For maximum clinical integrity, we implement an "Invisible Storage" Auditing Pattern. The full plain text output of the card (rawText) is crucial for administrative review and syncs to backend FileMaker databases, but it is too messy and confusing for patients to read. The portal stores the front/back OCR data silently in the Mantine form state without rendering them as textareas, and includes them explicitly in the final submission payload.
// PatientIntakeQuestionnairePage.tsx (React Frontend Integration Snippet)

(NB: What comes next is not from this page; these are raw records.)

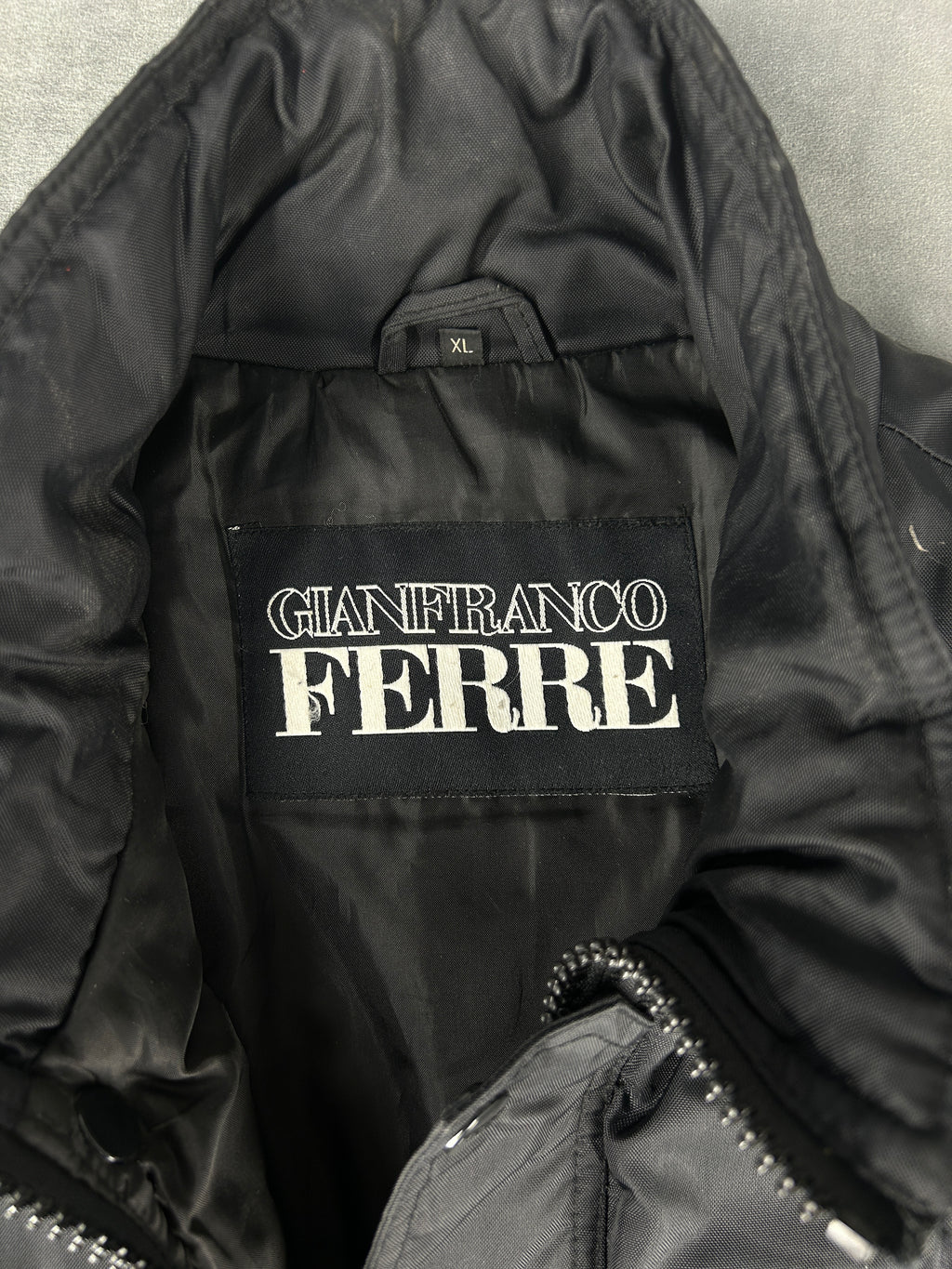 Gilet smanicato imbottito Gianfranco Ferré nero – Uomo Taglia L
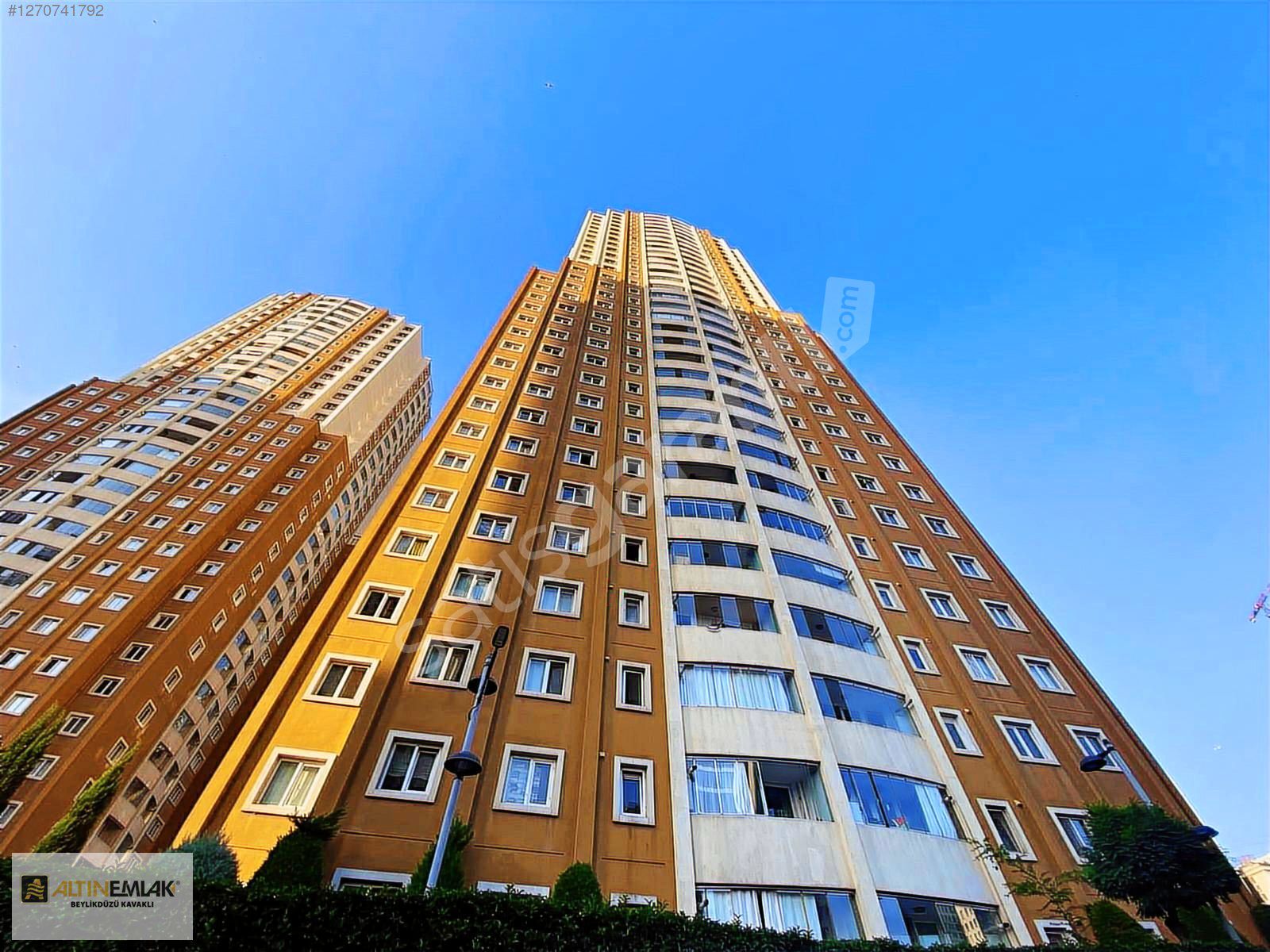 SOLARKENT SİTESİNDE SATILIK 3+1 145 M2 MANZARALI SATILIK DAİRE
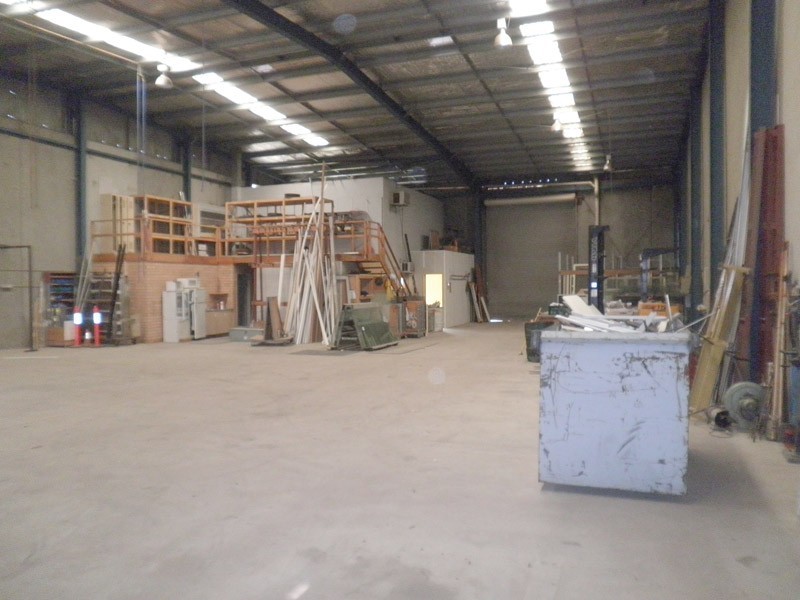3 Watsford Road, Campbelltown NSW 2560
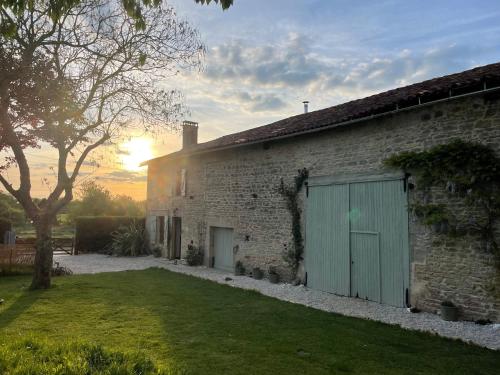 Le Vieux Renard - last minute hotel in Unknown City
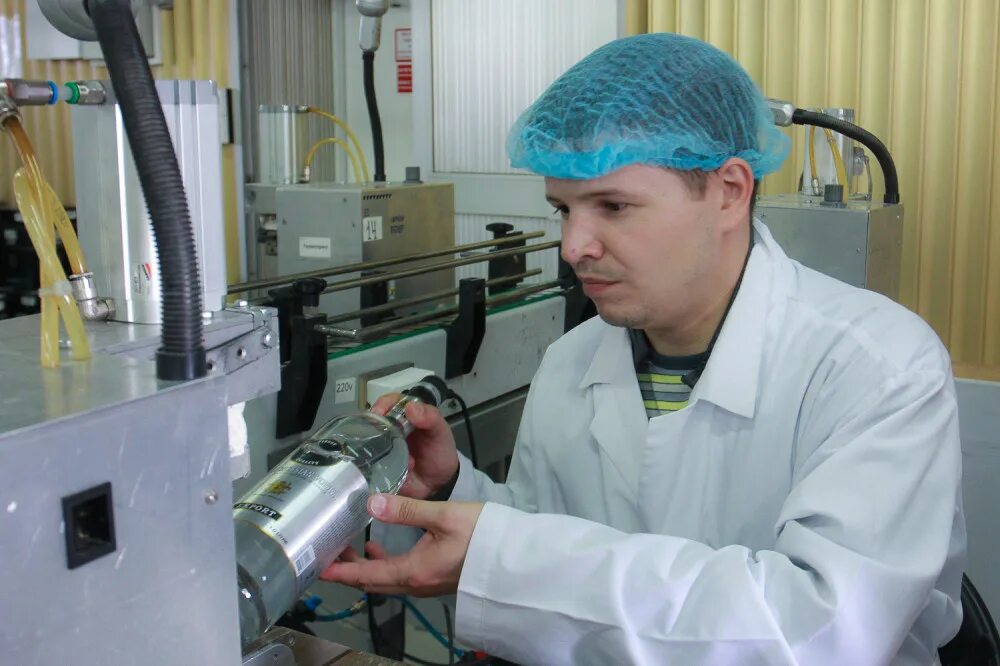 собрание на ликероводочном заводе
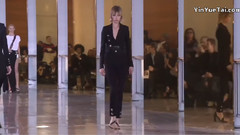 Top Model Edie Campbell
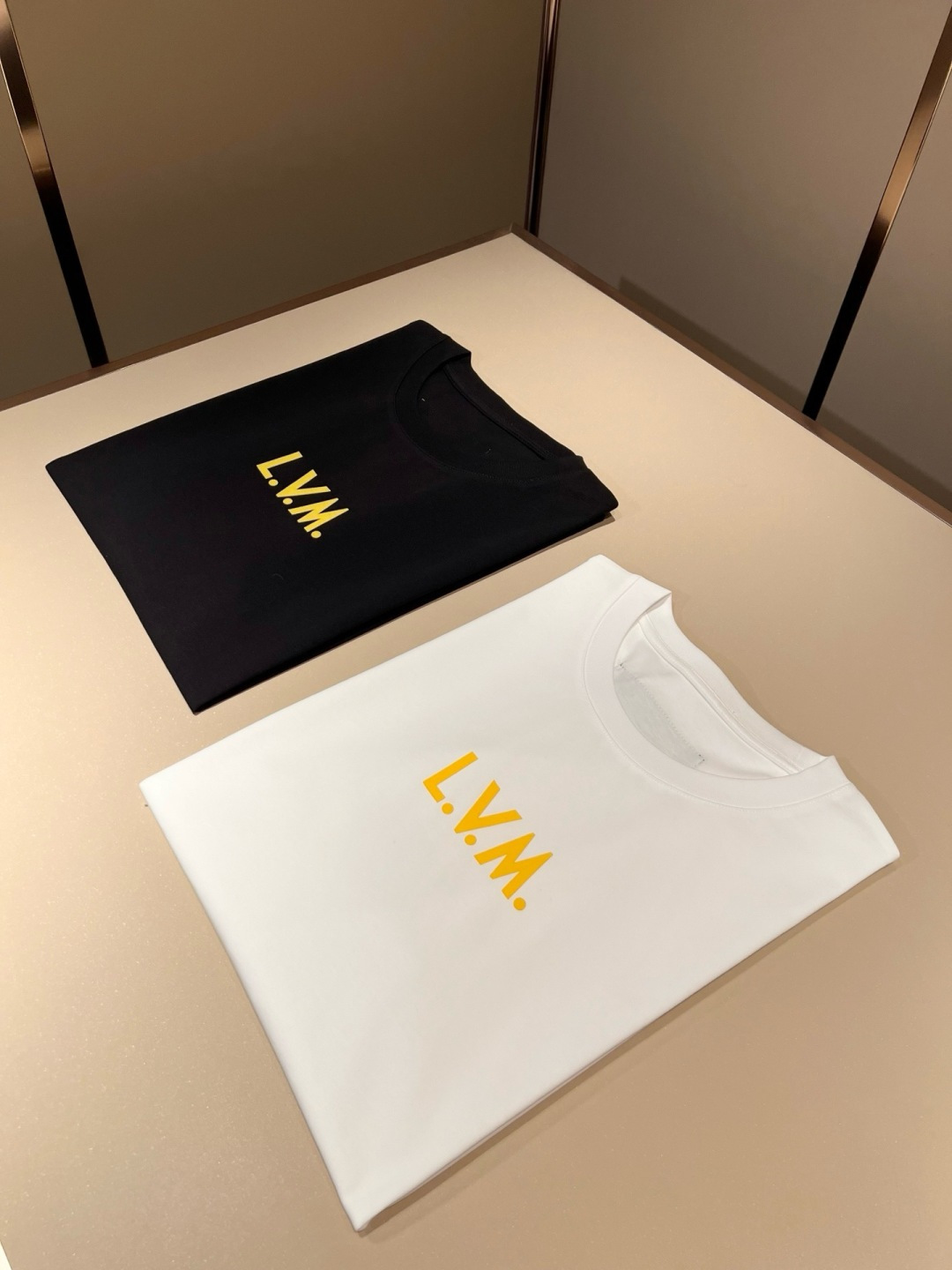 LouisVuitt*路易*登 2026春夏全新系列单品上线，非常时髦前卫的一款男女同款短袖T恤，标识l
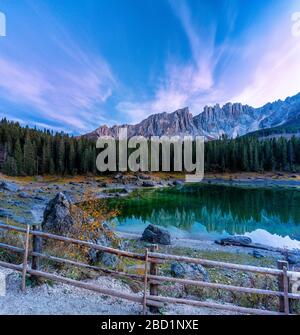 Ciel spectaculaire au coucher du soleil sur le lac Carezza et les pics de Latemar en automne, Dolomites, Tyrol du Sud, Italie, Europe Banque D'Images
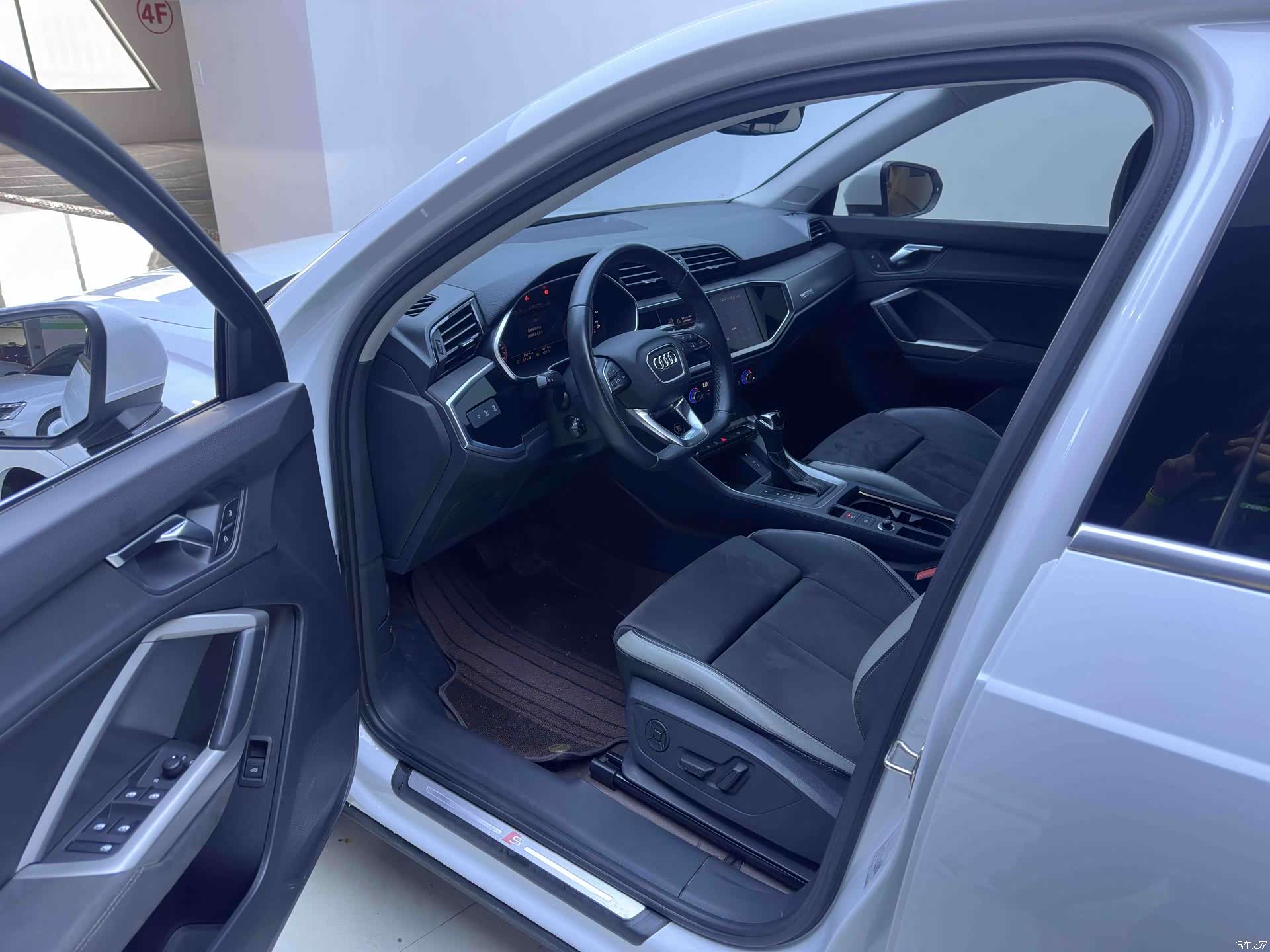 Audi Q3, 2023 9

import React, { useState } from 'react';
import { useForm } from '@mantine/form';
import { Button, notifications } from '@mantine/core';
import { useMedplum } from '@medplum/react';
import { IconSparkles } from '@tabler/icons-react';
import { logger } from './logger.js';
export function InsuranceQuestionnaireComponent() {
const medplum = useMedplum();
const [isExtracting, setIsExtracting] = useState(false);
const form = useForm({
initialValues: {
primaryInsurance: {
companyName: '',
policyNumber: '',
groupNumber: '',
cardFrontMediaId: '', // Internal FHIR Media ID references
cardFrontDetails: '', // Hidden OCR audit storage
cardBackDetails: ''
}
}
});
const handleFillFromImages = async () => {
const frontId = form.values.primaryInsurance.cardFrontMediaId;
if (!frontId) {
notifications.show({ color: 'red', message: 'Please upload the front card image first.' });
return;
}
setIsExtracting(true);
try {
// Post directly to the proxied server-side FHIR operation
const result = await medplum.post(
medplum.fhirUrl('Media', frontId, '$aws-bedrock'),
{}
);
// Verify the AI returned structured content
if (!result.policyNumber && !result.companyName) {
throw new Error('Could not parse clinical text from image.');
}
// Map structured output safely to form state
form.setFieldValue('primaryInsurance.companyName', result.companyName || '');
form.setFieldValue('primaryInsurance.policyNumber', result.policyNumber || '');
form.setFieldValue('primaryInsurance.groupNumber', result.groupNumber || '');
// Save full OCR raw text for administrative compliance audit trails
form.setFieldValue('primaryInsurance.cardFrontDetails', result.rawText || '');
notifications.show({
color: 'green',
message: 'Successfully populated insurance details from card photo!'
});
} catch (err) {
logger.error({ err }, '[Fill from Images] Processing failed.');
notifications.show({
color: 'red',
message: 'Vision AI failed to read your card. Please verify details manually.'
});
} finally {
setIsExtracting(false);
}
};
return (
<div className="insurance-upload-section">
<Button
leftSection={<IconSparkles size={16} />}
onClick={handleFillFromImages}
loading={isExtracting}
disabled={!form.values.primaryInsurance.cardFrontMediaId}
>
Autofill from Uploaded Card
</Button>
</div>
);
}📈 Summary of Benefits
Connecting AWS Bedrock Claude 3.5 Sonnet to server-side Medplum operations offers critical security and operational dividends:
- HIPAA & CSP Isolation: Frontend codes never load AWS credentials. File streaming, CSP headers, and access logic are entirely encapsulated within safe backend operation compartments.
- Absolute Data Integrity: High-res smartphone camera uploads often exceed 10MB. Jimp compression limits payloads to 2MB, reducing Bedrock request drops and keeping execution times under 15 seconds.
- Preamble Immunity: Using regex JSON parsing (
/\{[\s\S]*\}/) ensures that conversational chatter from the LLM never causes JSON parsing failures. - Clinical Auditing Trails: Capturing the raw OCR output silently and syncing it to FileMaker preserves a pristine audit trail, enabling clinicians to verify AI extractions directly from layout screens.
By building a server-side "Proxied AI" handler inside a serverless Medplum framework, you create a state-of-the-art insurance processing engine that is highly secure, exceptionally fast, and fully compliant with healthcare data security laws.